* [The input]
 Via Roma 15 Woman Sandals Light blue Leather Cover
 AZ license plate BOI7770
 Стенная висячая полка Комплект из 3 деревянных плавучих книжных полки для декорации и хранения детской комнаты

--

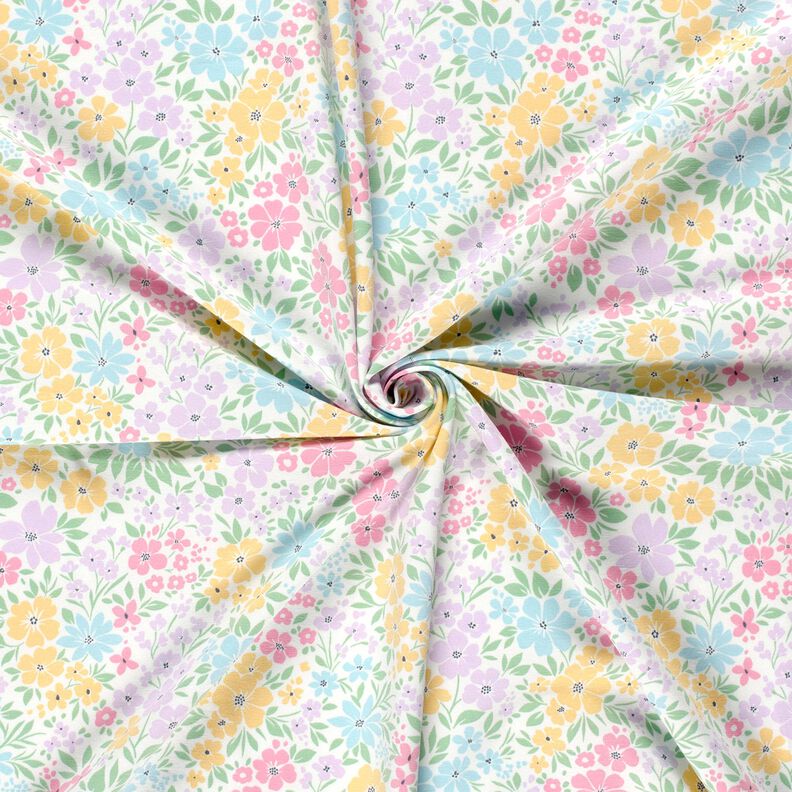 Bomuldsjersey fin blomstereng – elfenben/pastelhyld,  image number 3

==

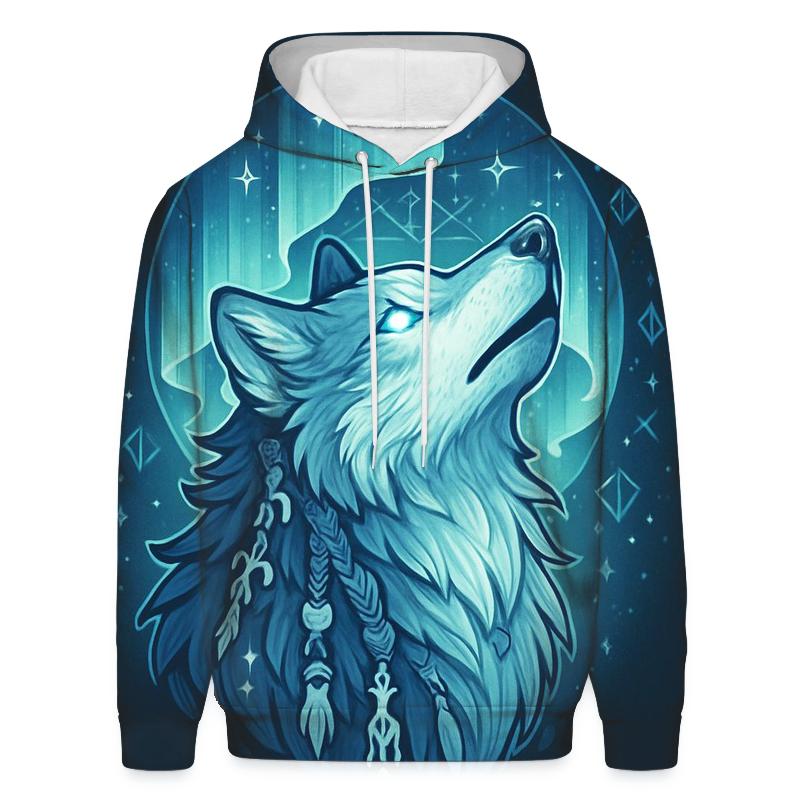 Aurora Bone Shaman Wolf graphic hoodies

* [Exercise prompt] Wherever the line holding "AZ license plate BOI7770" falls in the entries above, copy exactly from it through the line holding "Стенная висячая полка", inclusive, and add nothing.

* [Result for this exercise]
 AZ license plate BOI7770
 Стенная висячая полка Комплект из 3 деревянных плавучих книжных полки для декорации и хранения детской комнаты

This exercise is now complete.